Longitudinal health agents must reason across multi-source trajectories that combine continuous device streams, sparse clinical exams, and episodic life events - yet evaluating them is hard: real-world data cannot be released at scale, and temporally grounded attribution questions seldom admit definitive answers without structured ground truth. We present ESL-Bench, an event-driven synthesis framework and benchmark providing 100 synthetic users, each with a 1-5 year trajectory comprising a health profile, a multi-phase narrative plan, daily device measurements, periodic exam records, and an event log with explicit per-indicator impact parameters. Each indicator follows a baseline stochastic process driven by discrete events with sigmoid-onset, exponential-decay kernels under saturation and projection constraints; a hybrid pipeline delegates sparse semantic artifacts to LLM-based planning and dense indicator dynamics to algorithmic simulation with hard physiological bounds. Users are each paired with 100 evaluation queries across five dimensions - Lookup, Trend, Comparison, Anomaly, Explanation - stratified into Easy, Medium, and Hard tiers, with all ground-truth answers programmatically computable from the recorded event-indicator relationships. Evaluating 13 methods spanning LLMs with tools, DB-native agents, and memory-augmented RAG, we find that DB agents (48-58%) substantially outperform memory RAG baselines (30-38%), with the gap concentrated on Comparison and Explanation queries where multi-hop reasoning and evidence attribution are required.

Paper Structure

This paper contains 71 sections, 9 equations, 4 figures, 11 tables, 1 algorithm.

Figures (4)

  • Figure 1: Structure and evaluation design of the event-driven synthetic longitudinal benchmark.
  • Figure 2: Internal probabilistic modeling architecture. Blue nodes denote LLM-driven conditional sampling; green nodes denote algorithmic simulation governed by \ref{['eq:dynamics', 'eq:kernel', 'eq:exam_anchor']}; orange nodes denote validation mechanisms.

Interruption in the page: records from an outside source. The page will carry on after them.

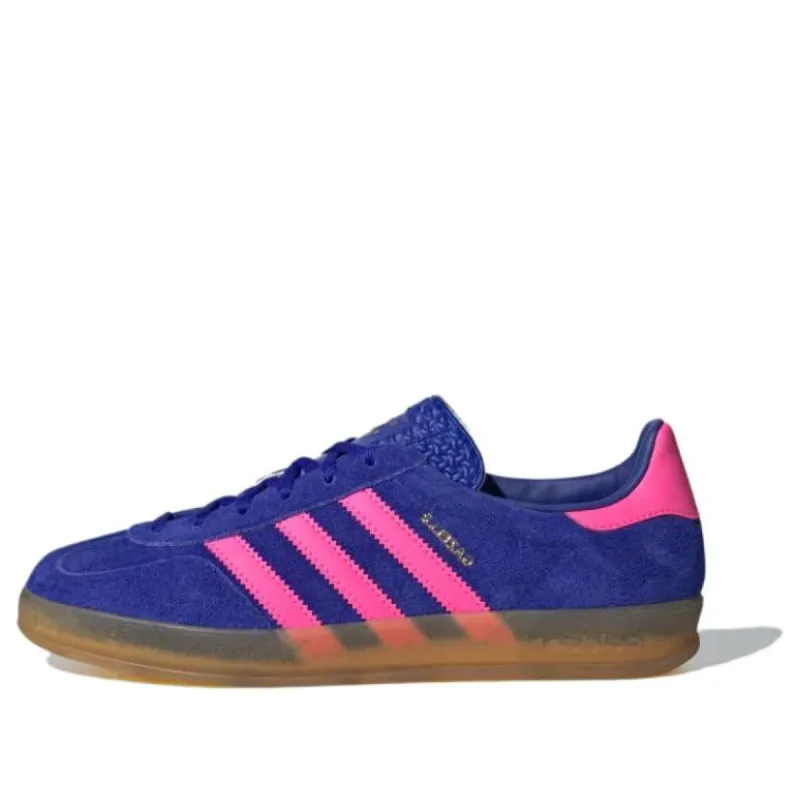 (WMNS) adidas Gazelle Indoor 'Lucid Blue Pink' IH5931 sold by KicksCrew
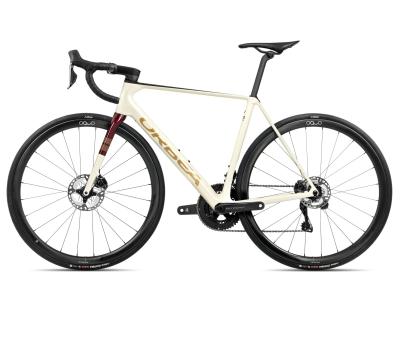 Orbea ORCA M20iTEAM 57 Ivory White-Burgundy (Gloss)-Vulcano (Matt) Produktbild 5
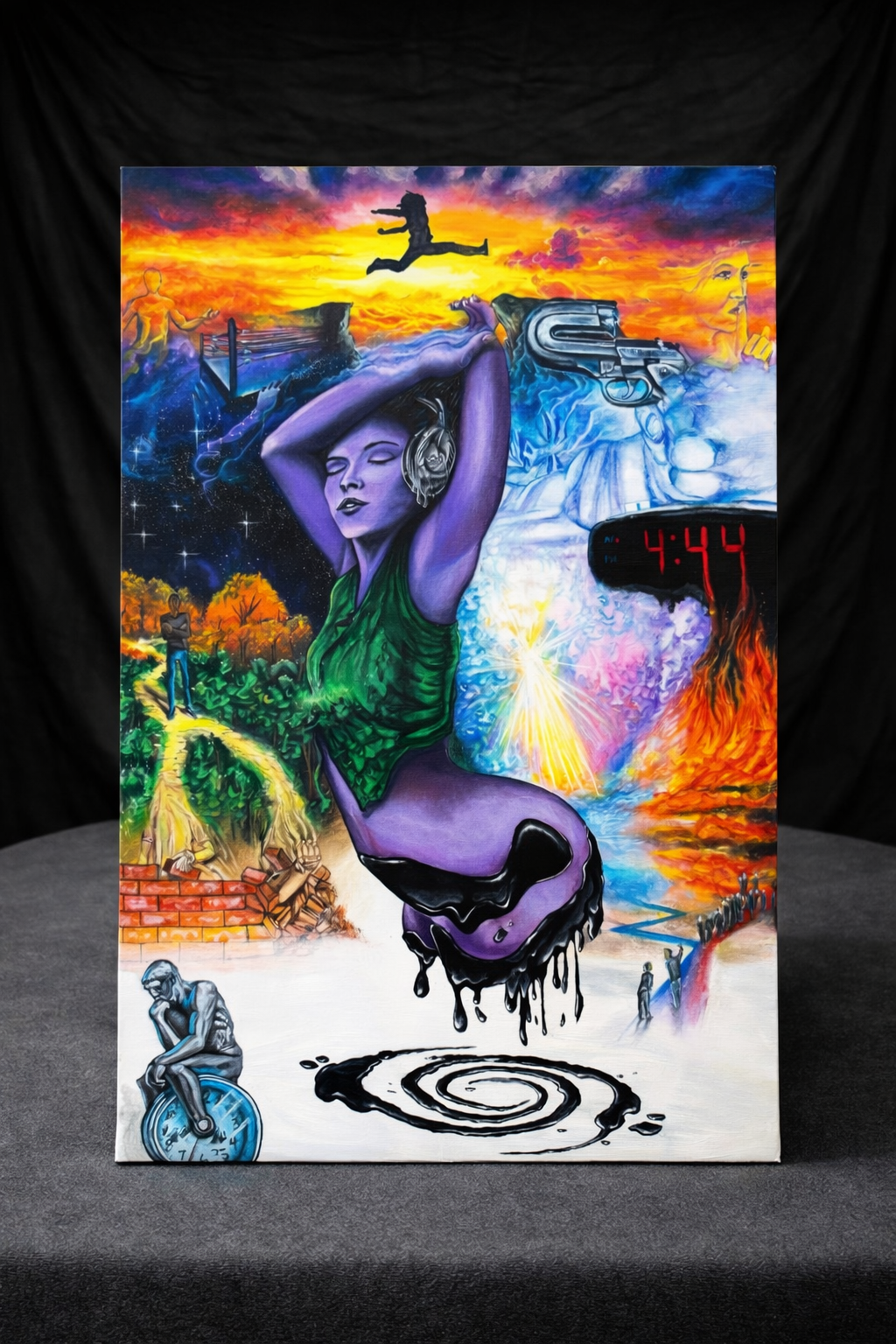 Beautiful and Filthy - Original Painting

Each LLM call conditions on a narrow context (short history window, single event type) to estimate a low-dimensional conditional distribution, while the simulator computes dense daily dynamics deterministically. The three-level validation layer covers expert review of event-impact templates, population-level marginal calibration against published norms, and per-indicator conformance auditing.
  • Figure 3: Hybrid generation pipeline. LLM modules handle sparse semantic decisions (profiles, trajectory plan, event narratives, exam metadata), while algorithmic simulation produces daily device indicators under explicit dynamics and deterministic constraints. (1) Initialization with Profile Generation and Indicator Selection; (2) Trajectory Planning that produces a multi-phase narrative arc; (3) Daily Loop with Event Decision (LLM + trajectory context + sparsity gate), Device Indicator Simulator (algorithmic), and Exam Generation (LLM + deterministic anchoring); (4) Export producing structured artifacts.
  • Figure 4: Four-month trajectory excerpt for one synthetic user showing four device indicators (Daily Stress Score, Resting Heart Rate, Total Sleep Time, Daily Step Count) with nine labeled life events. Shaded regions mark active event periods; blue indicates a beneficial effect on that indicator, red an adverse effect, and gray no effect---so the same event may appear in different colors across panels (e.g., "Indoor VR fitness routines" is blue for Stress/HR but red for Sleep/Steps). The black line is the 7-day rolling mean; the orange dotted line marks each indicator's personalized baseline; the green dashed line marks an exam visit. Only the most prominent events are labeled; additional short-term events (e.g., acute anxiety episodes, OTC medication use) also contribute to the observed fluctuations.